I didnt notice it was a right tilting blade, i think that just turned me off to this saw


----------



## kirankhadka (Feb 2, 2016)

nblumert said:


> I didnt notice it was a right tilting blade, i think that just turned me off to this saw


I use right and left both. You have to be careful, and attentive while operating saw no mater what.There is no such thing as being accustomed to table saw, left tilt or right tilt; what I meant that's when accident can happens. I have used them interchangeably, as I have Jet 3 HP, RT( which I like a lot) and delta 5 HP LT for at least 4 years. Get it for that price, that 12" blade at the tip & 5 hp motor has so much torque, it will eat any wood like butter. Fence can all be adjusted. If you were to buy, bring home and align blade, fence, table, change belt, check bearing with belt off ( put link belts to dampen vibration, my opinion, both my saws, jointer are quieter) no matter what. Will go long way, and you'll learn your first lesson and get to know your saw. Being a woodworker is just as much about keeping up and taking care of machine yourself. All above skills are withing the grasp of woodworker and tools can be borrowed from auto shops if necessary. 

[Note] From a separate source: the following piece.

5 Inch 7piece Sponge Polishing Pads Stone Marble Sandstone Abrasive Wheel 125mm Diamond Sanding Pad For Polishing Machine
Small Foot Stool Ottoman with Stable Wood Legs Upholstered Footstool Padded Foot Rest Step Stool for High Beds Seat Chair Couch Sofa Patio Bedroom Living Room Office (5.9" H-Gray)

I do not know what people dislike right tilt, I mean I have made tenons and bevels etc, didn't feel any difference. 
My in-law almost lost his finger( Blade split wood and threw it on left tilt), so it takes 100% of your attention not only because you are feeding to running blade, but also to react to secondary incident if it occurs as well. 
Good luck.


----------



## ryan50hrl (Jun 30, 2012)

People dislike right tilt as it traps the wood between the blade and the fence, raising the possibility of a kick back. 

The solution is to use the fence on the left side of the blade when cutting bevels, but most right handers will find that unnatural.


----------



## woodnthings (Jan 24, 2009)

*I haven't made a bevel cut in months*

Having a right tilt only matters when you want to make a bevel cut and then you simply put the fence on the left side of the blade. No Big Deal. :surprise2:I have never owned a right tilt, and I'm right handed, so I'm very used to standing to the left of the blade a bit when operating my saws. 

My buddy, a finish carpenter, framer and cabinet maker has a right tilt Grizzly 3 HP and has no issues. For $900.00 it is a beautiful saw and I would snatch it up. 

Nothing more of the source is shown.